_Supplied material_
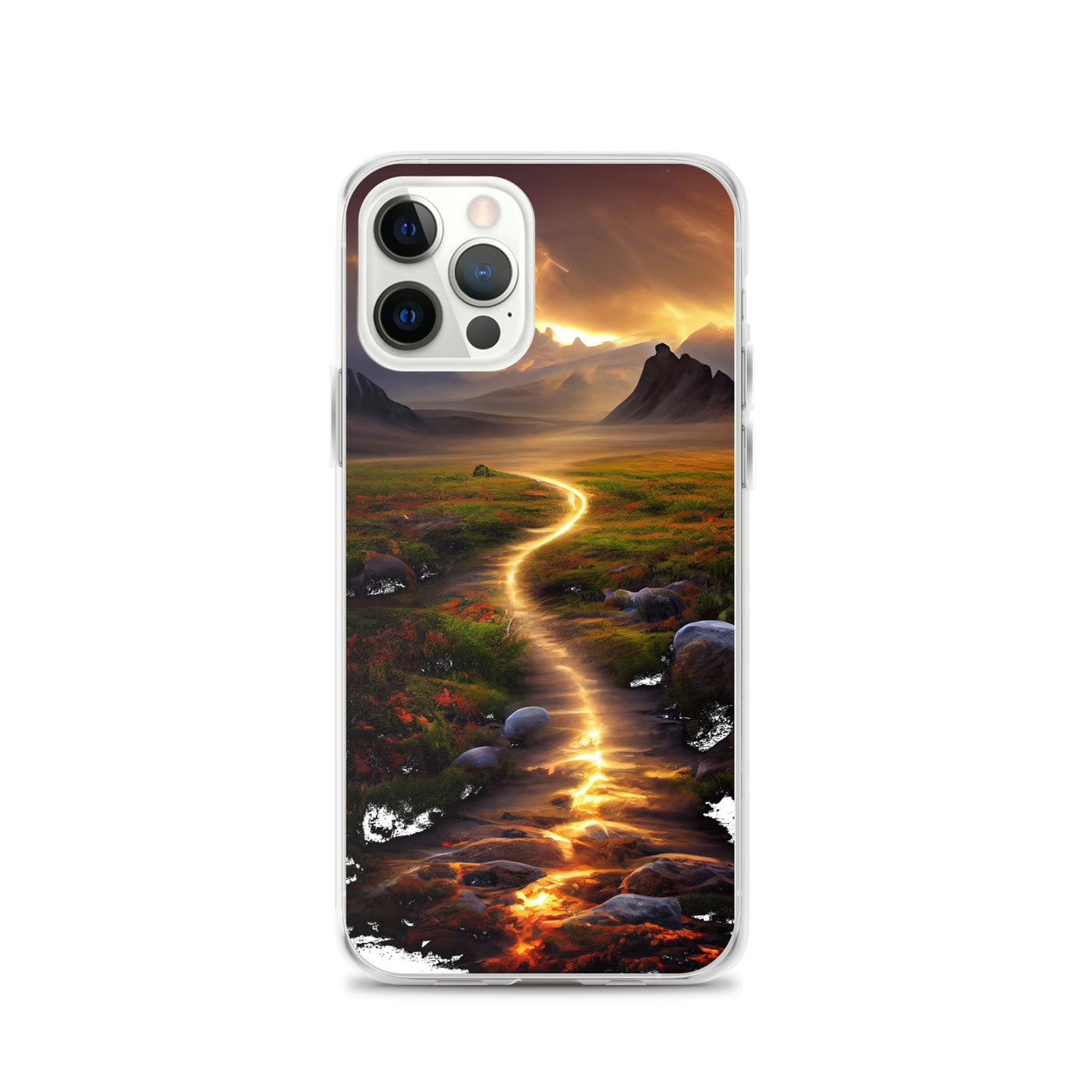 Landschaft mit wilder Atmosphäre - Malerei - iPhone Schutzhülle (durchsichtig) berge xxx iPhone 12 Pro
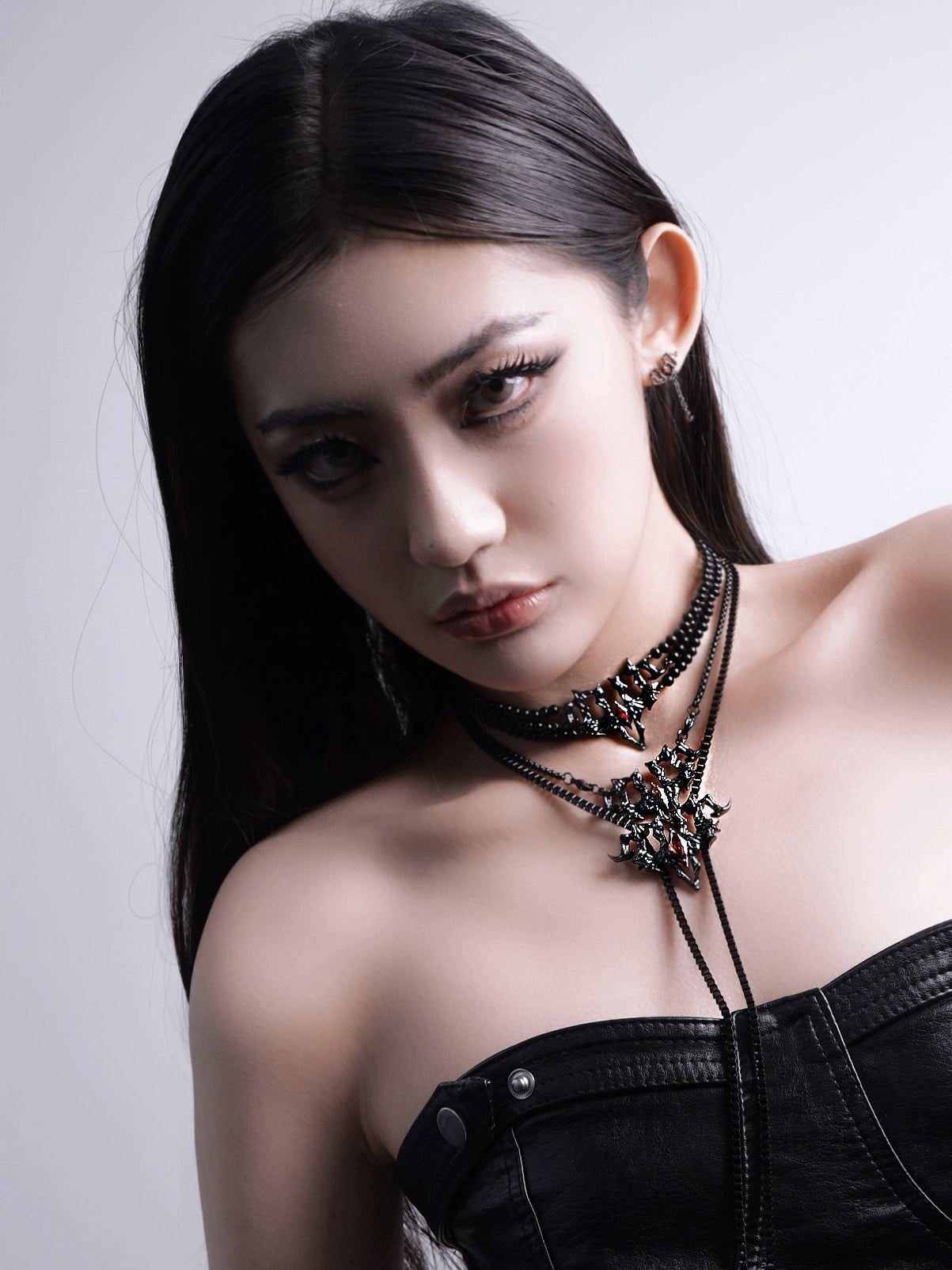 Gothic Black Velvet Choker with Silver Bat Pendant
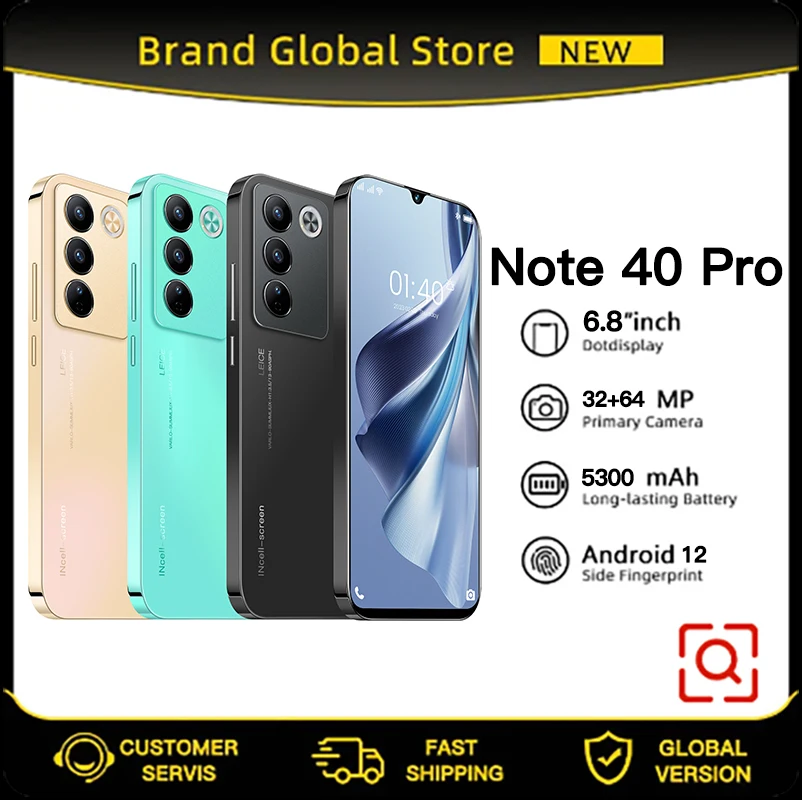 telemoveis 32 mais 64mp 5300mah android 12 unlocked note 40 pro smartphone 5g 68 hd 16 gb mais 1tb dual sim novo 2024 01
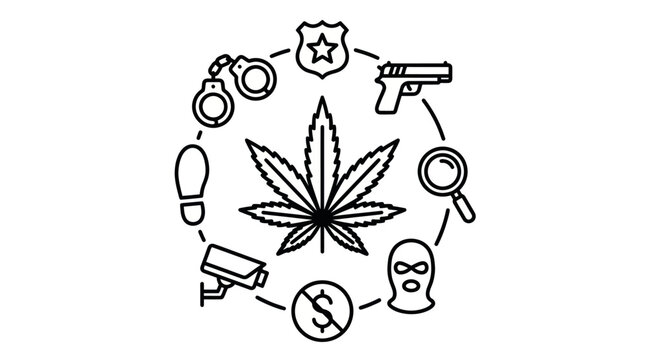 Marijuana leaf surrounded by law enforcement and crime icons.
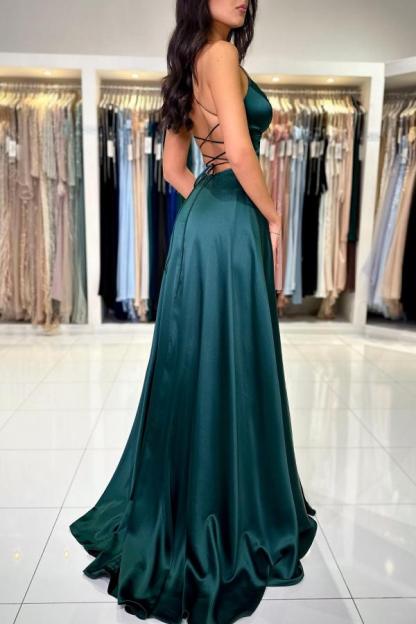 Bmbridal Ink Blue Spaghetti-Straps Prom Dress V-Neck Sleeveless With Slit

_Your assignment_
All lines from the line with "telemoveis 32 mais" through the final line of the data, both included, are to be repeated exactly; no other lines and no pictures.

_Solution for this task_
 telemoveis 32 mais 64mp 5300mah android 12 unlocked note 40 pro smartphone 5g 68 hd 16 gb mais 1tb dual sim novo 2024 01
 Marijuana leaf surrounded by law enforcement and crime icons.
 Bmbridal Ink Blue Spaghetti-Straps Prom Dress V-Neck Sleeveless With Slit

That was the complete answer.